Votre avis sur ce livre ?

 

 

Quand on entend parler des débuts du football au Brésil, il ressort toujours systématiquement le nom de Charles Miller. Mais dans ton livre, tu parles aussi beaucoup d’un autre personnage que tu considères comme tout aussi important qui est Oscar Cox.

Oscar Cox a fait à Rio la même chose que Charles Miller à Sao Paulo. On parle plus de Charles Miller parce qu’il a introduit le foot à Sao Paulo un peu avant Oscar Cox à Rio et qu’il peut donc être considéré comme le tout premier à avoir introduit le football au Brésil. Mais sinon, les deux ont vécu la même histoire chacun de leur côté : découverte du football en partant faire leurs études en Europe. En Angleterre pour Miller, et en Suisse pour Cox. Puis ils ont chacun dans leur ville implanté le football à leur retour.

 

A partir de là, le foot va se développer dans les communautés de riches immigrés et être ouvertement interdit aux autochtones.

Ce sont vraiment les étrangers qui vont apporter le foot et créer des clubs pour jouer entre eux. Les anglais d’un côté, les allemands de l’autre, les italiens… D’ailleurs, les clubs sont communautaires et les différentes nationalités ne se mélangent pas. Et en effet, les brésiliens sont d’abord exclus. Mais rapidement, ils vont tout de même réussir eux aussi à jouer avec notamment la création du Paulistano à Sao Paulo qui est le premier club sans lien avec une communauté immigrée.

 

D’ailleurs, ton livre casse un cliché sur le foot brésilien qui, vu d’Europe, passe pour le sport des favelas et des pauvres. Alors qu’à l’origine, le milieu du foot brésilien souffre d’un vrai racisme social et ne tolère que les riches.

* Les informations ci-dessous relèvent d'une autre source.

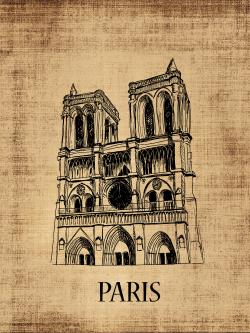 Notre-dame de paris illustration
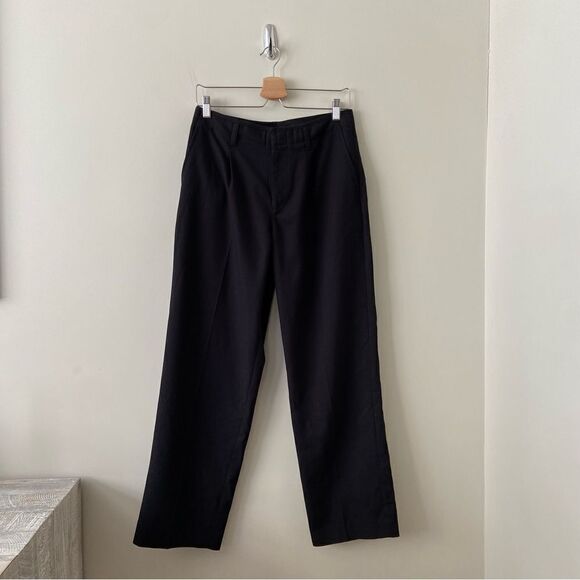 Club Monaco Pants - CLUB Monaco-Wide Leg Black High Rise Pants
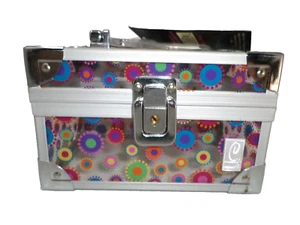 NOS Caboodles Cosmetic Organizer Clear with Multicolor Design Honey Child KEYS - Picture 1 of 10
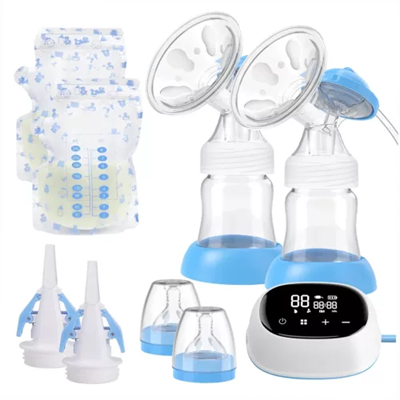 ECCOMUM elektrická odsávačka mlieka BPA FREE dvojitá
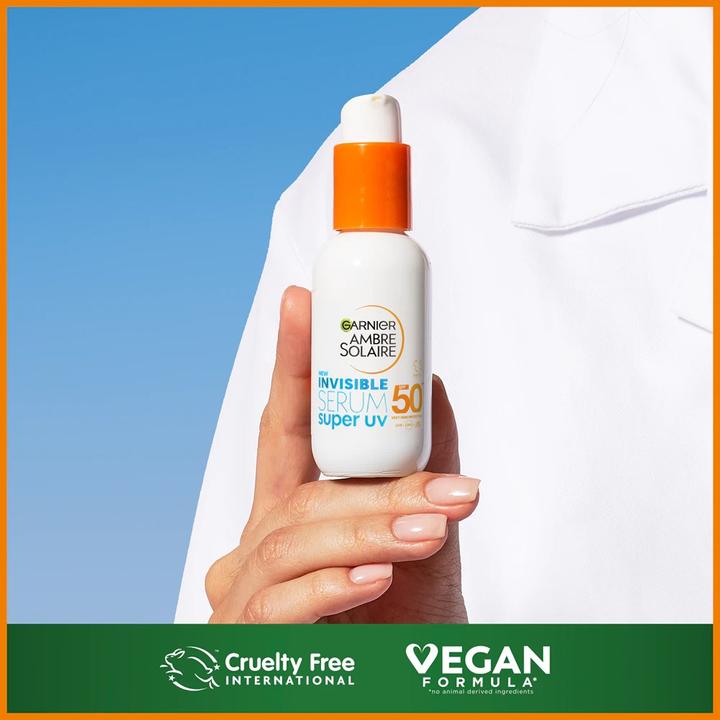 Actual product image Garnier Ambre Solaire Super UV (Sun cream face, SPF 50+, 30 ml)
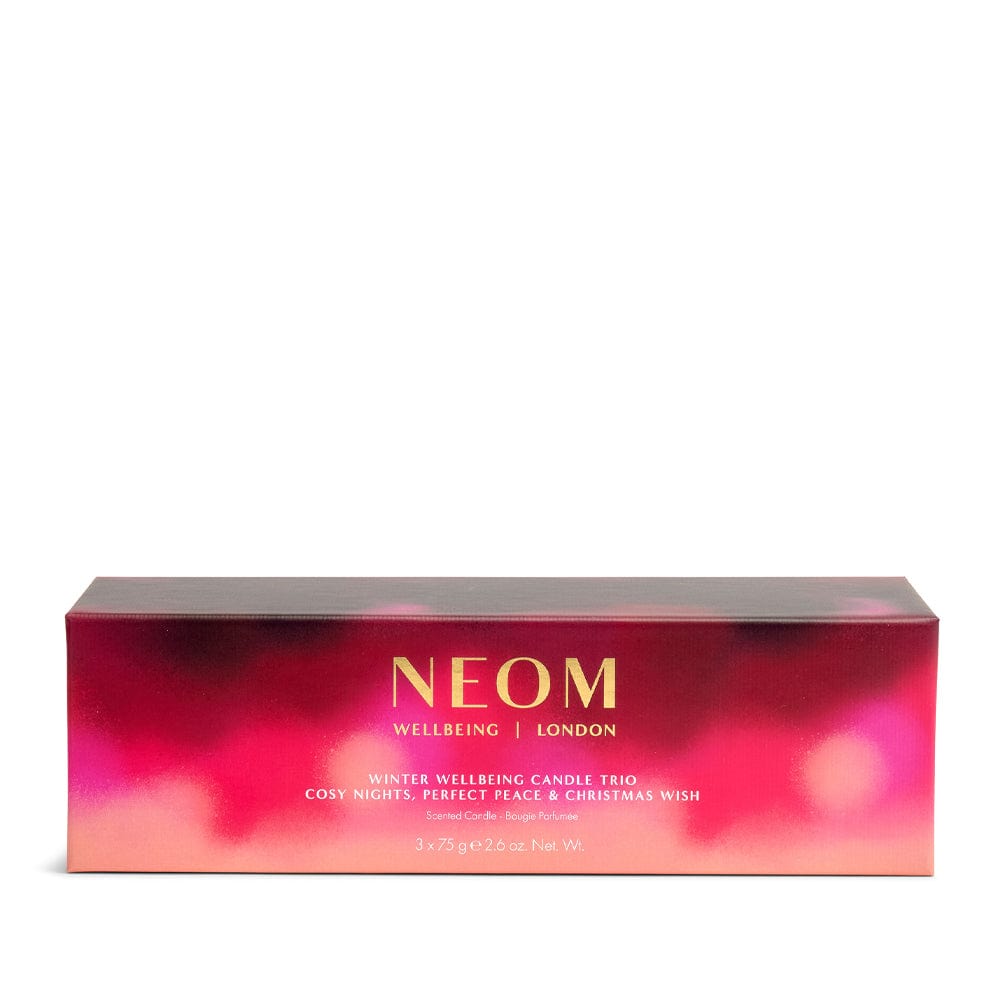 NEOM Candle Set NEOM Wellbeing Winter Wellbeing Candle Trio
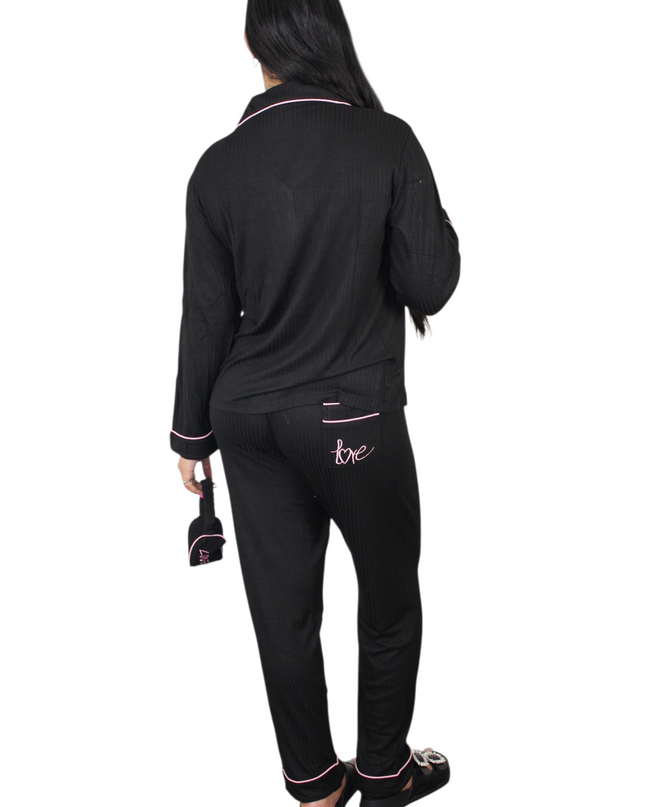 3Pcs Love Triangle Pajamas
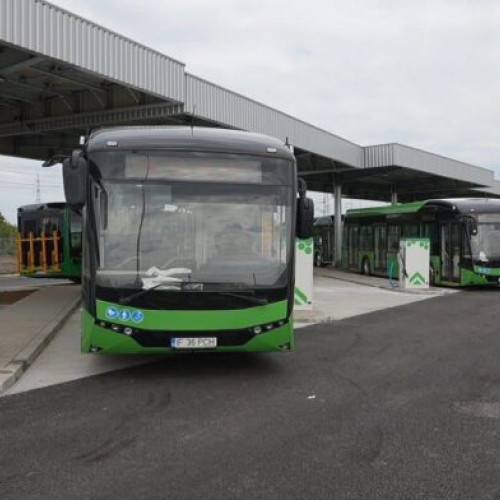 Primăria Mogoșoaia deschide noua autobază pentru autobuze electrice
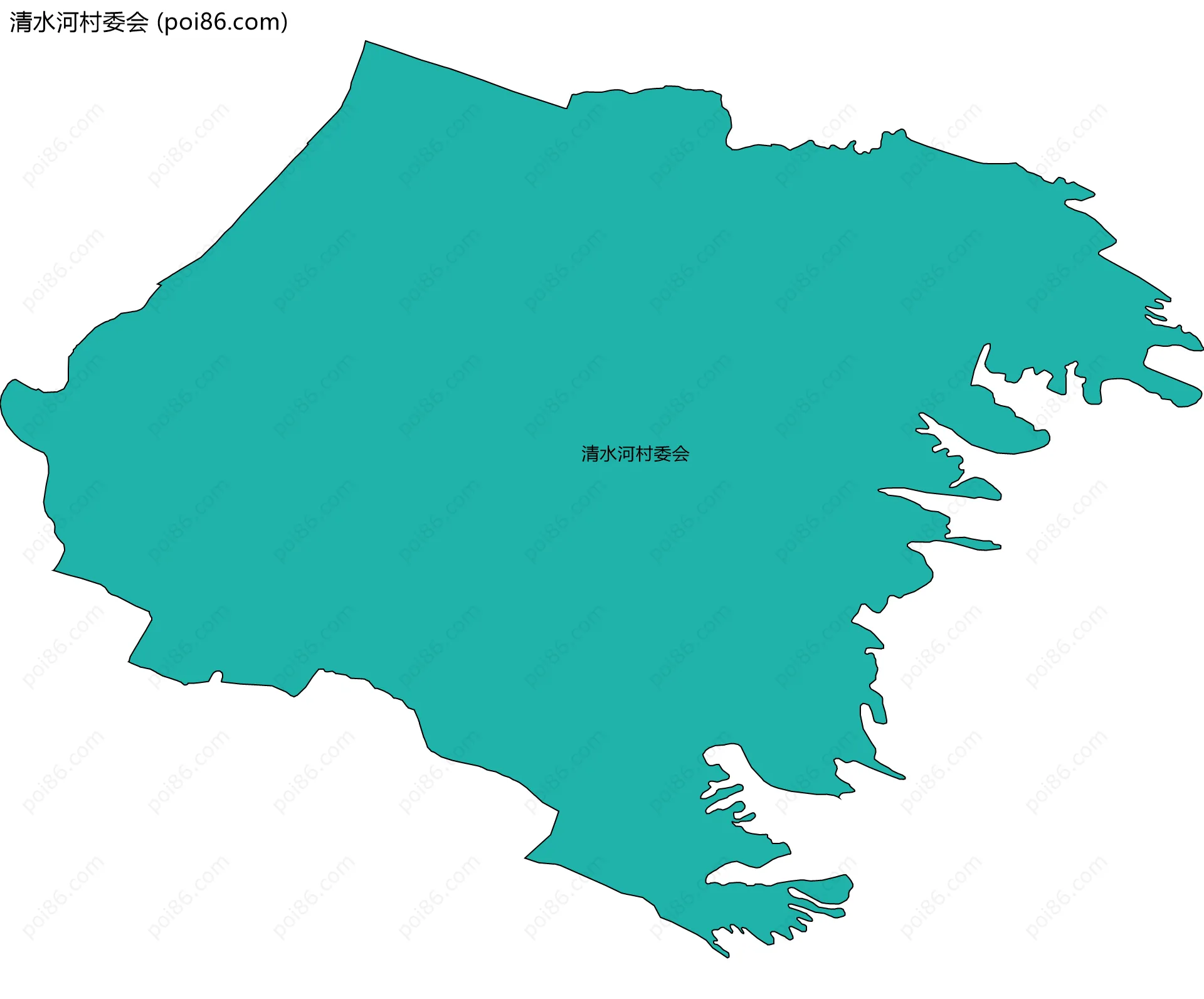 清水河村委会边界地图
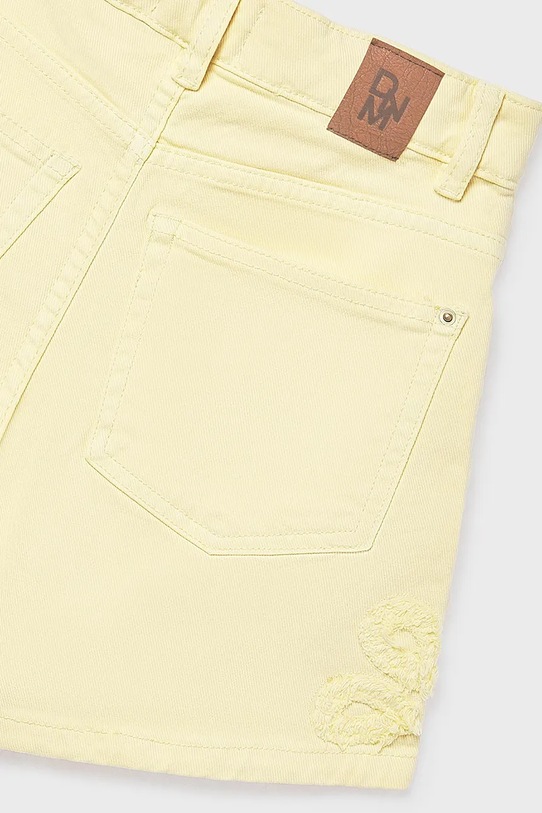 Mayoral szorty dziecięce żółty 6204.8F.Junior.PPY2
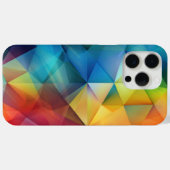 Dreiecke in Regenbogenfarben Case-Mate iPhone Hülle (Rückseite (Horizontal))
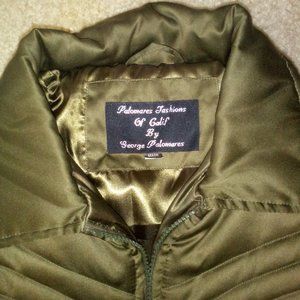 Lightweight Jacket: Olive Green. Zipper Sleeves & Shoulder Pockets. by Palomares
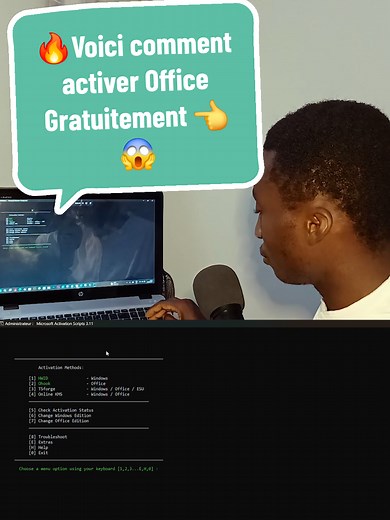 🔥Voici comment activer Office Gratuitement 👈😱 #activer #Document #informatique #formation #EXCEL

Il faut déjà prendre en compte le fait que le football arrive en 1894. Soit seulement six ans après l’abolition de l’esclavage au Brésil qui a eu lieu en 1888. Ce fût d’ailleurs le dernier pays d’Amérique à l’avoir aboli. En plus, dans une ville comme Rio, il y avait énormément d’esclaves. Donc il y a une vraie séparation sociale et il est impensable pour les riches que les pauvres jouent au foot. Et c’est le professionnalisme qui va permettre aux pauvres de jouer.

 

Par contre, bizarrement, dans ce football de communautés immigrées au sein d’un pays lusophone, il y a très peu de clubs de communauté portugaise.

Il y en a assez peu, c’est vrai. Il y a deux clubs appelés Portuguesa, un à Sao Paulo, l’autre à Santos. Et il y a Vasco de Gama à Rio, même si les joueurs ne sont pas exclusivement portugais. Mais c’est vrai que, dans les débuts, c’était d’abord les anglais puis surtout les allemands, et les italiens ensuite. Après, il faut aussi garder en tête que l’élite économique et sociale était plus au sein des communautés anglaises et allemandes. Les immigrés portugais appartenaient plutôt au prolétariat. Et comme le foot était surtout le sport des riches…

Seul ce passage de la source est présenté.